▶ _WHAT YOU WILL DO_: Using the listing below, output only the lines from the one that contains "Nike Court Vision" through the one that contains "Ladies shoes dolcis size 5 - ladies, by", inclusive, exactly as given and without images.

▶ _RECORD SET_:
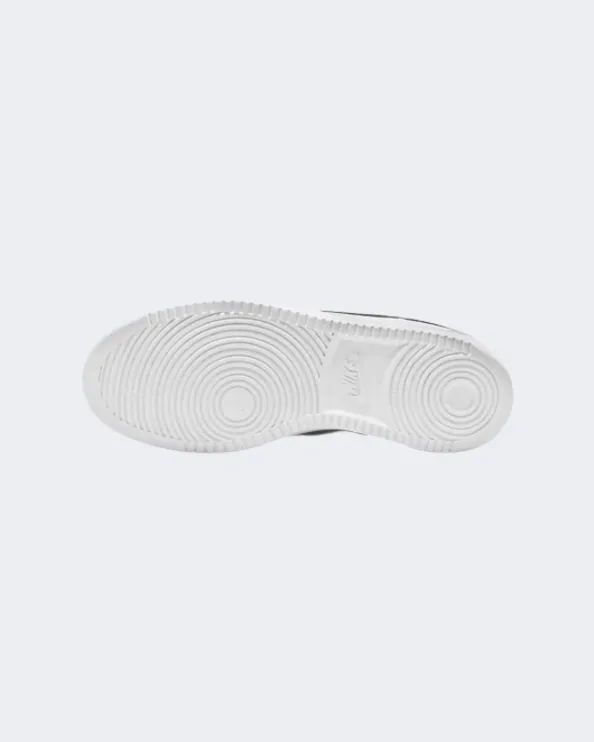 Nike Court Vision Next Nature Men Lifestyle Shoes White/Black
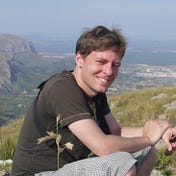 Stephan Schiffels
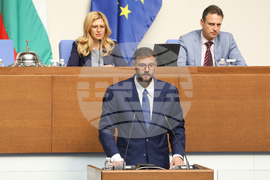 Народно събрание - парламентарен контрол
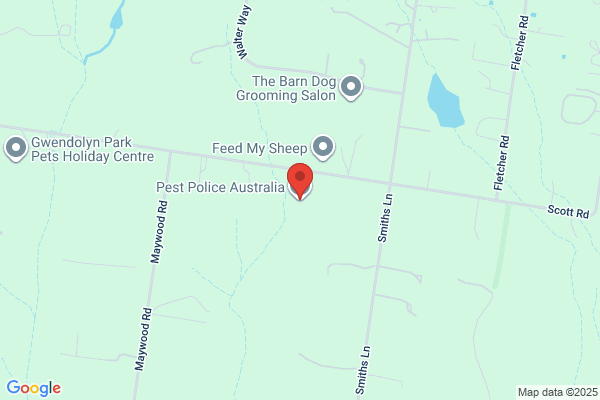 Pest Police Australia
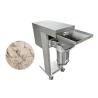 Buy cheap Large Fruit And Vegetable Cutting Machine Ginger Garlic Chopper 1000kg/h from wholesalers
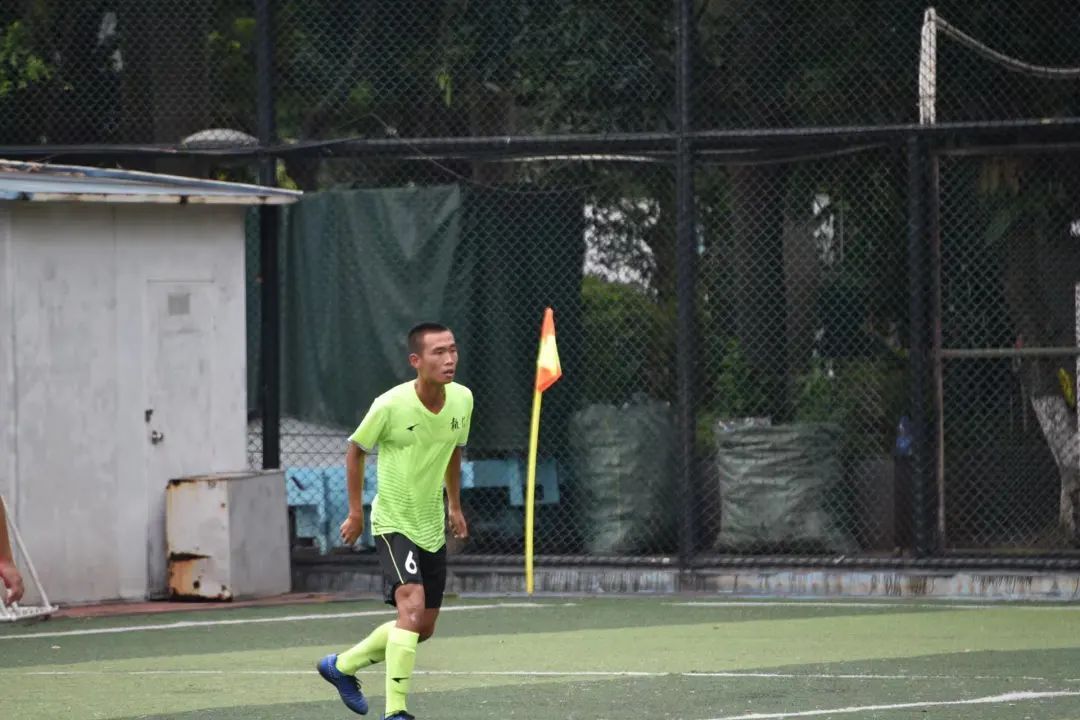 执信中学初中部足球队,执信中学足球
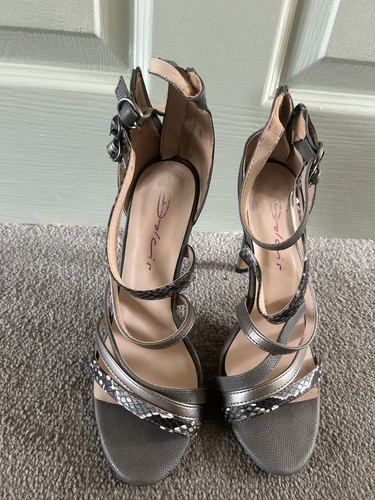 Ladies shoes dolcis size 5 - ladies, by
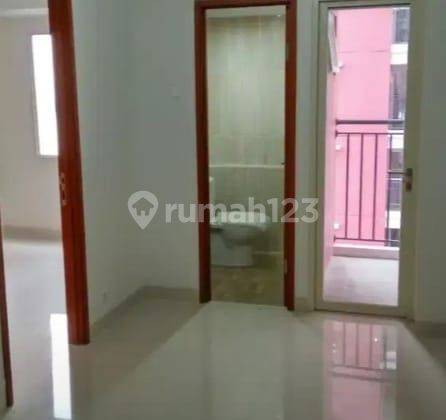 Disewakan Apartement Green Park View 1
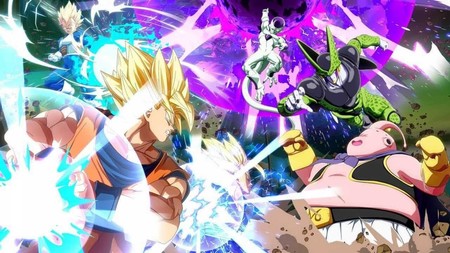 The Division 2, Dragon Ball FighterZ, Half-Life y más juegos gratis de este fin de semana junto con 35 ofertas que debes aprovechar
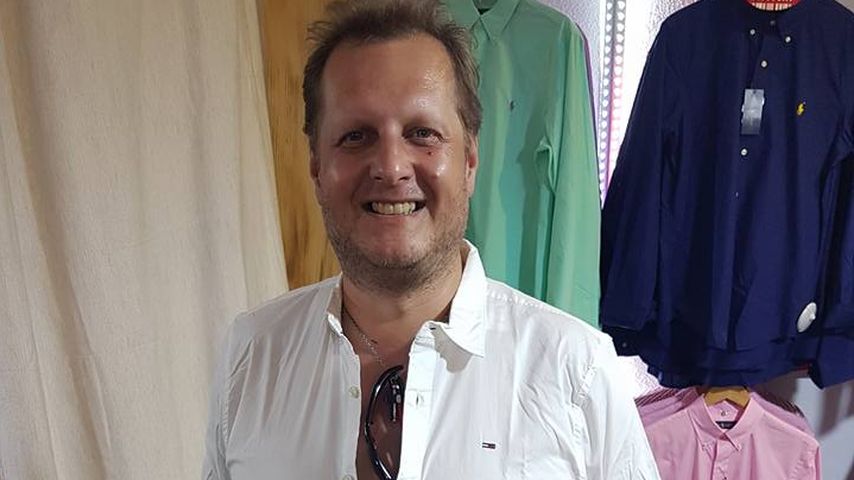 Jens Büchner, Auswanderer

---

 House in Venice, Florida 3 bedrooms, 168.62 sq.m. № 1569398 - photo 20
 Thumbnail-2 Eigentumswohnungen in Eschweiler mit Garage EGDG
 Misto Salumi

--

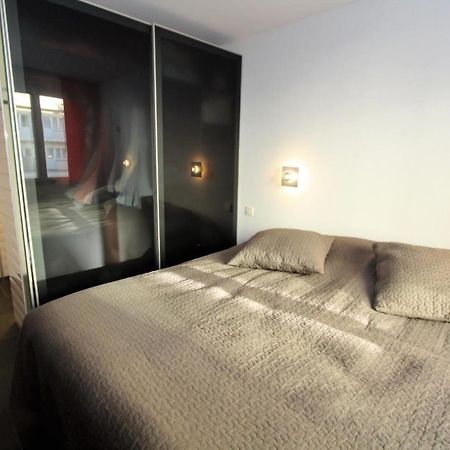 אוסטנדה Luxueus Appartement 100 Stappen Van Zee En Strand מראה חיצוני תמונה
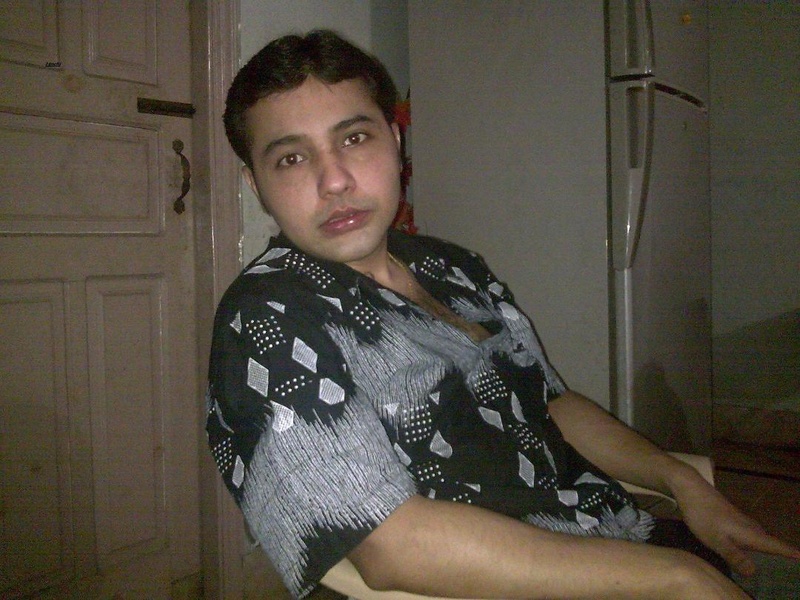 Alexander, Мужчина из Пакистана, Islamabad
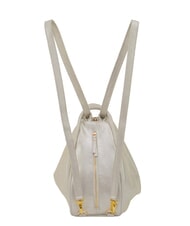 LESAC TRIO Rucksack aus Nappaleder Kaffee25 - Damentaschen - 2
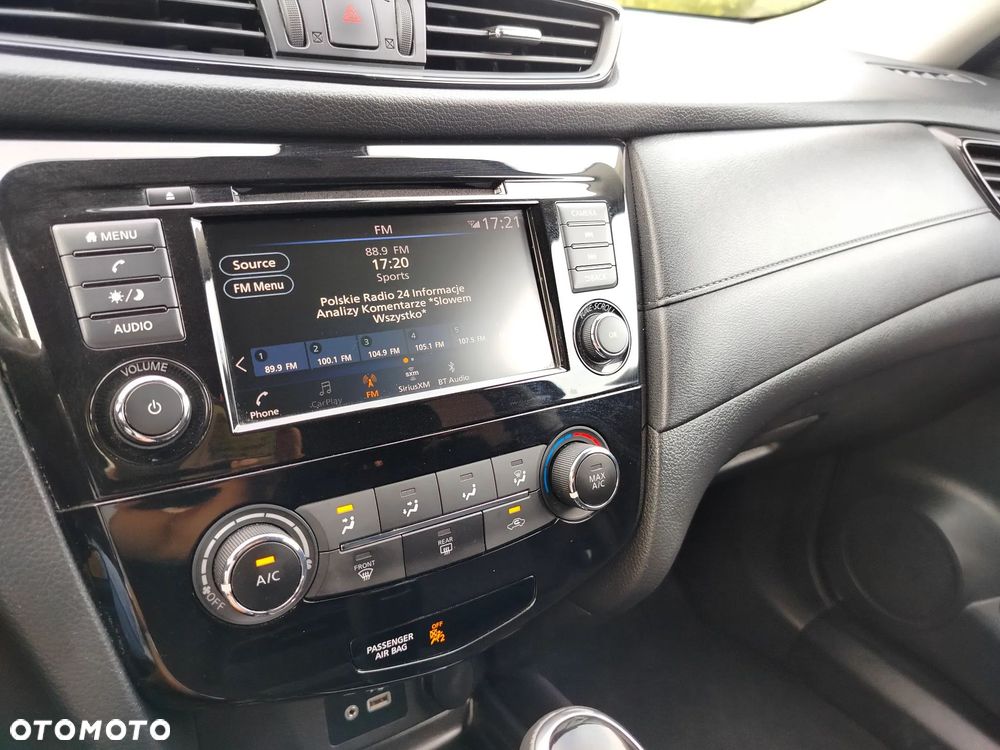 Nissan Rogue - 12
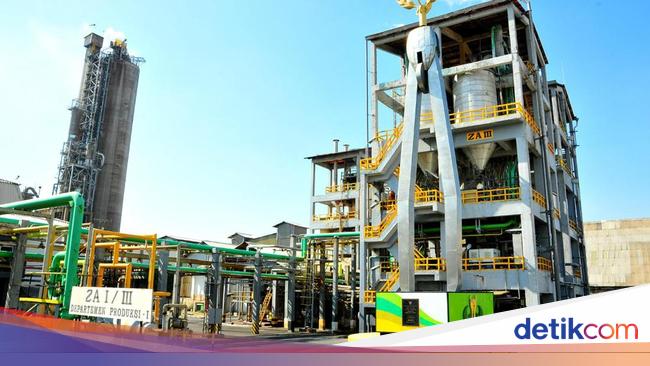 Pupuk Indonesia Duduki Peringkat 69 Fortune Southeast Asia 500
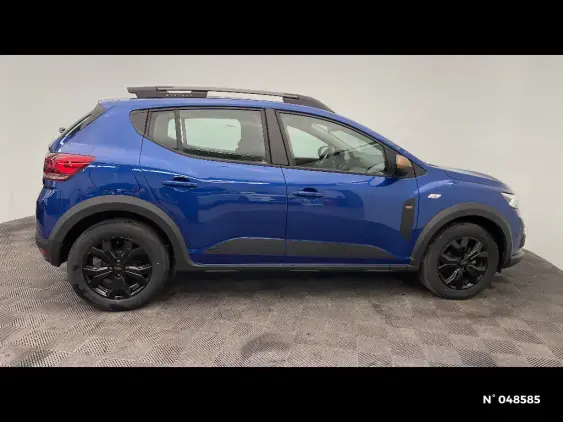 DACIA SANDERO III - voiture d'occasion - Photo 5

▶ _RESULT OF THE TASK_:
 Nike Court Vision Next Nature Men Lifestyle Shoes White/Black
 Stephan Schiffels
 Народно събрание - парламентарен контрол
 Pest Police Australia
 Buy cheap Large Fruit And Vegetable Cutting Machine Ginger Garlic Chopper 1000kg/h from wholesalers
 执信中学初中部足球队,执信中学足球
 Ladies shoes dolcis size 5 - ladies, by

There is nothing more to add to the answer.